→ Task details
Exact wording is required: give all the records again, minus the pictures.

(Image-text web data)
--*--

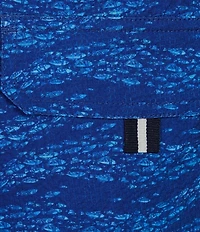 Cremieux Fish Current 6#double; Inseam Swim Trunks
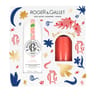 Roger&gallet coffret eau parfumée bienfaisante fleur de figuier 100ml et sa bougie parfumée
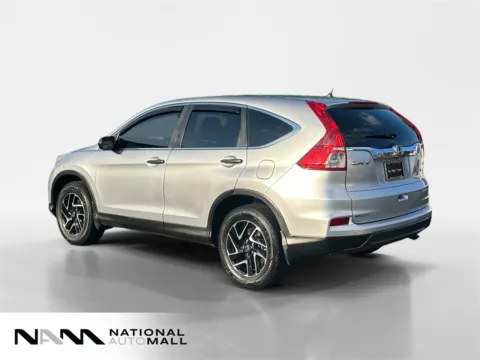 Another view of 2016 Honda CR-V SE for sale in Merritt Island, FL at National Auto Mall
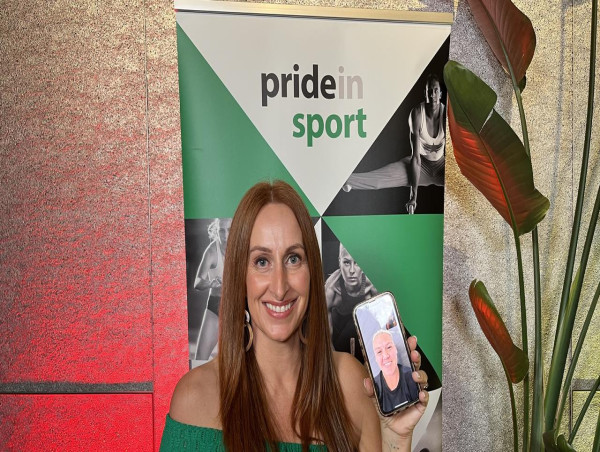  Rugby star Sharni Williams recognised for LGBTQI work 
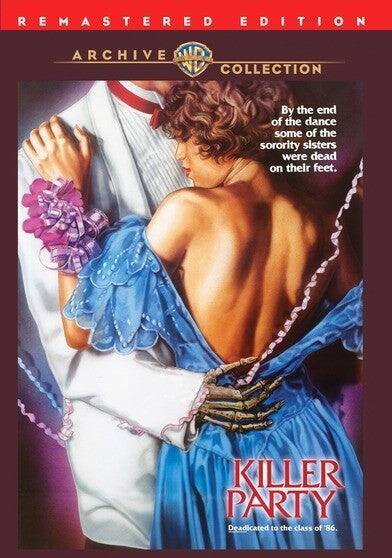 Front. Killer Party - DVD.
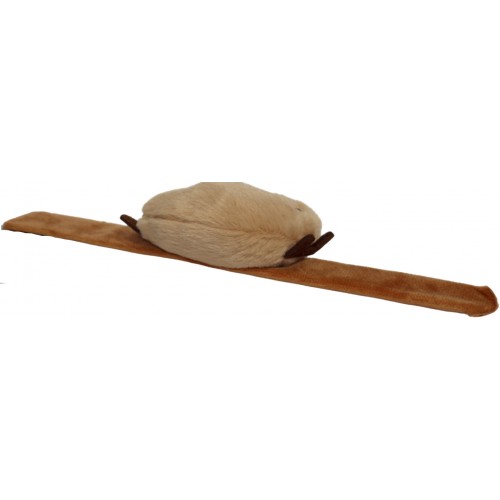 Браслет 24см,капібара 7см,плюш,в кульку,10х24х3см №Bra0448(140)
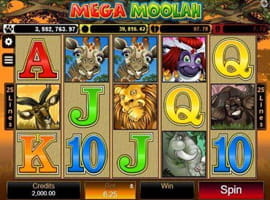Mega Moolah Slot Free Online Version for Malta 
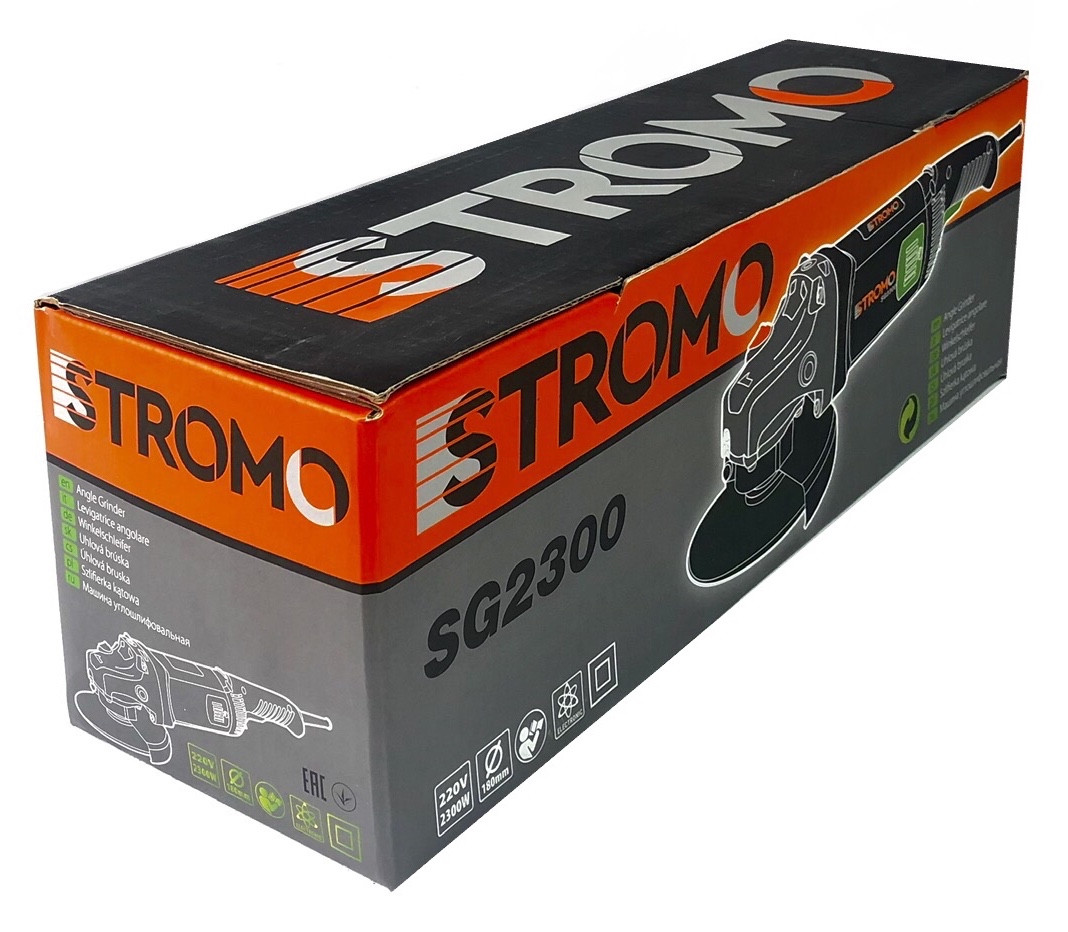 Болгарка Stromo SG2300 - фото 4 - id-p1794693026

--*--

→ Answer section
 Cremieux Fish Current 6#double; Inseam Swim Trunks
 Roger&gallet coffret eau parfumée bienfaisante fleur de figuier 100ml et sa bougie parfumée
 Another view of 2016 Honda CR-V SE for sale in Merritt Island, FL at National Auto Mall
  Rugby star Sharni Williams recognised for LGBTQI work 
 Front. Killer Party - DVD.
 Браслет 24см,капібара 7см,плюш,в кульку,10х24х3см №Bra0448(140)
Mega Moolah Slot Free Online Version for Malta 
 Болгарка Stromo SG2300 - фото 4 - id-p1794693026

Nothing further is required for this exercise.